American Wages Are Dropping – Again

Member Group : Jerry Shenk

In what has become an embarrassingly common occurrence, another federal agency has revised — w-a-y downward — earlier, rosier, administration economic propaganda.

Months ago, the Bureau of Labor Statistics reported that 2016 first quarter wages grew 4.2 percent year-over-year. In June, President Barack Obama cited the report, boasted that the economy was helping ordinary Americans, and urged "Let’s get wages rising faster."

But average wages have actually been dropping. Buried in an August revision, the BLS admitted it erred by more than eleven times: [First quarter] "[r]eal hourly compensation decreased 0.4 percent…rather than the previously-published increase of 4.2 percent." In addition, the BLS confessed that compensation also fell another 1.4 percent in the second quarter (Presumably subject to similar revision).

Among elected Democrats, such results are known only as "bad luck." In fact, they result from bad policies not entirely unlike those on which Democrats are trying to double down by raising the minimum wage.

Wages haven’t declined because the minimum wage is too low. In robust, expanding economies, jobs are created, employers compete for employees and wages rise. Wages have stagnated because government economic, tax, regulatory and health-care policies have stifled growth and, accordingly, there are too few well-paying full-time jobs.

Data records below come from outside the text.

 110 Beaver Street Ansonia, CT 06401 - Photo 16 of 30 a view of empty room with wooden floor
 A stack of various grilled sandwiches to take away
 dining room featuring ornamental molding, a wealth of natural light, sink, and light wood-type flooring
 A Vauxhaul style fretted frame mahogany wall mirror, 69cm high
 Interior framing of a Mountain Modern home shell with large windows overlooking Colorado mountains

Another cause of declining wages is the government’s policy of importing about 2 million guest-workers annually who compete for work against the four million or so young native-born Americans entering the job market. Together, normalizing illegal immigrants — a Democratic priority — and guest-worker policy artificially increase labor competition, create worker surpluses and suppress wages.

The Washington Post recently featured a new economic study commissioned by the city of Seattle to score results of the city’s minimum wage hike to $11.14/hour. The results were educational.

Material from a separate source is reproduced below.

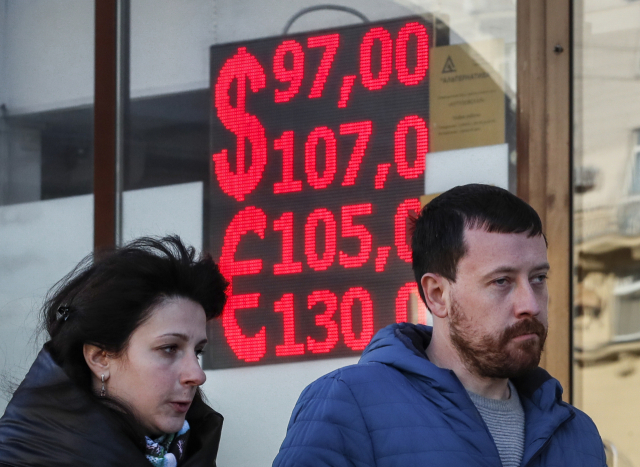 지난 2일(현지 시간) 러시아 모스크바 시내 외환거래소에서 행인들이 유로·달러화에 대한 루블화 환율을 표시하는 전광판 앞을 지나가고 있다. EPA연합뉴스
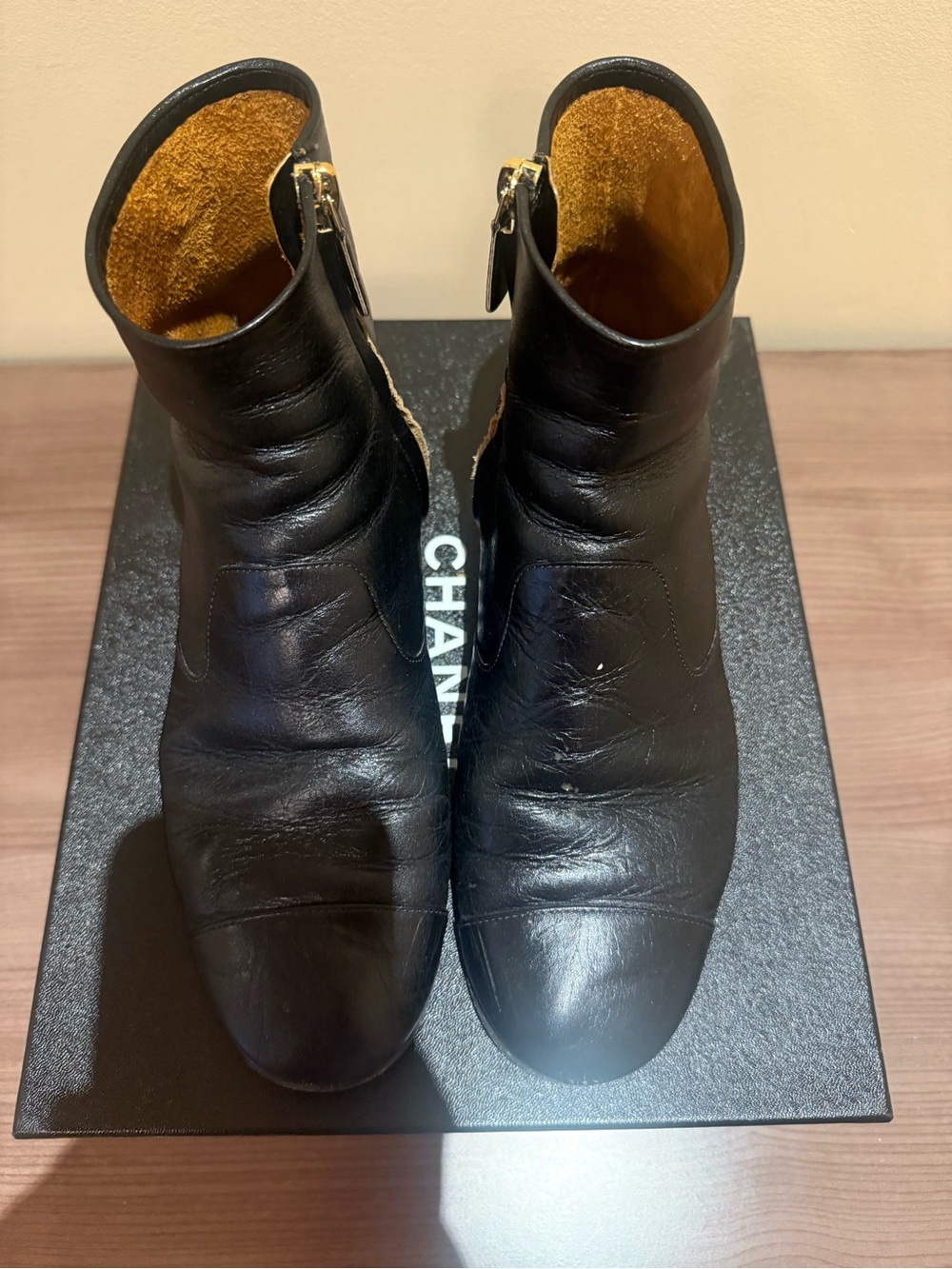 CHANEL Black Leather Ankle Booties with Gold Zippers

The report said that some workers whose pay would have gone up with experience and tenure weren’t helped at all. Then it got ugly: "Although workers were earning more, fewer of them had a job than would have without an increase…Those who did work had fewer hours than they would have without the wage hike."

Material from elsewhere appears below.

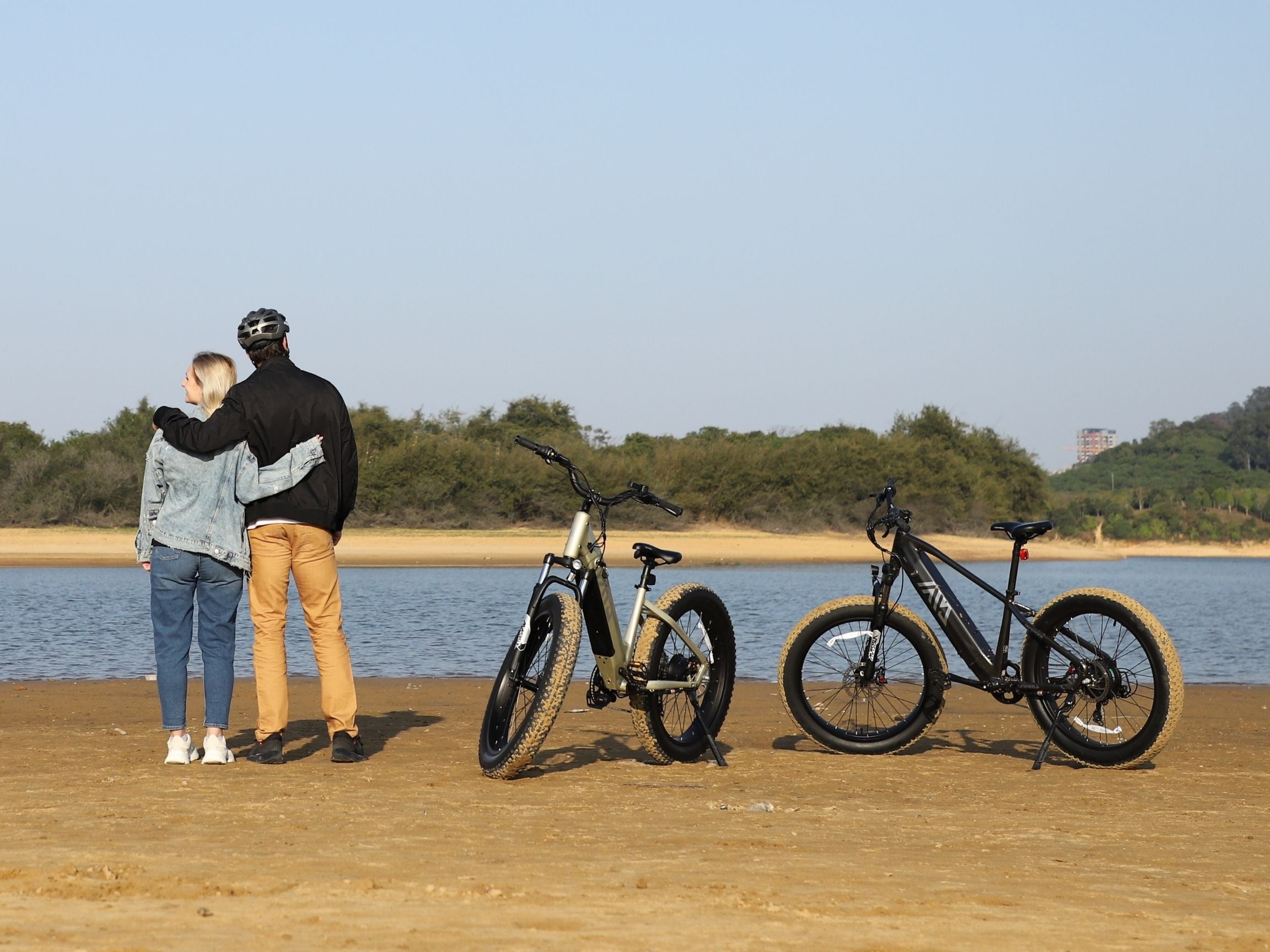 Couple riding TST Ebike electric bike outdoors on lake.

The Post concluded that "Increasing the minimum wage increases the costs of hiring workers. As a result, employers must accept reduced margins or customers must pay steeper prices. If employers cannot stay in business while paying their staff more, they will either hire fewer people or give their workers fewer hours. As a result, even if wages per hour increase, workers’ total earning could decline."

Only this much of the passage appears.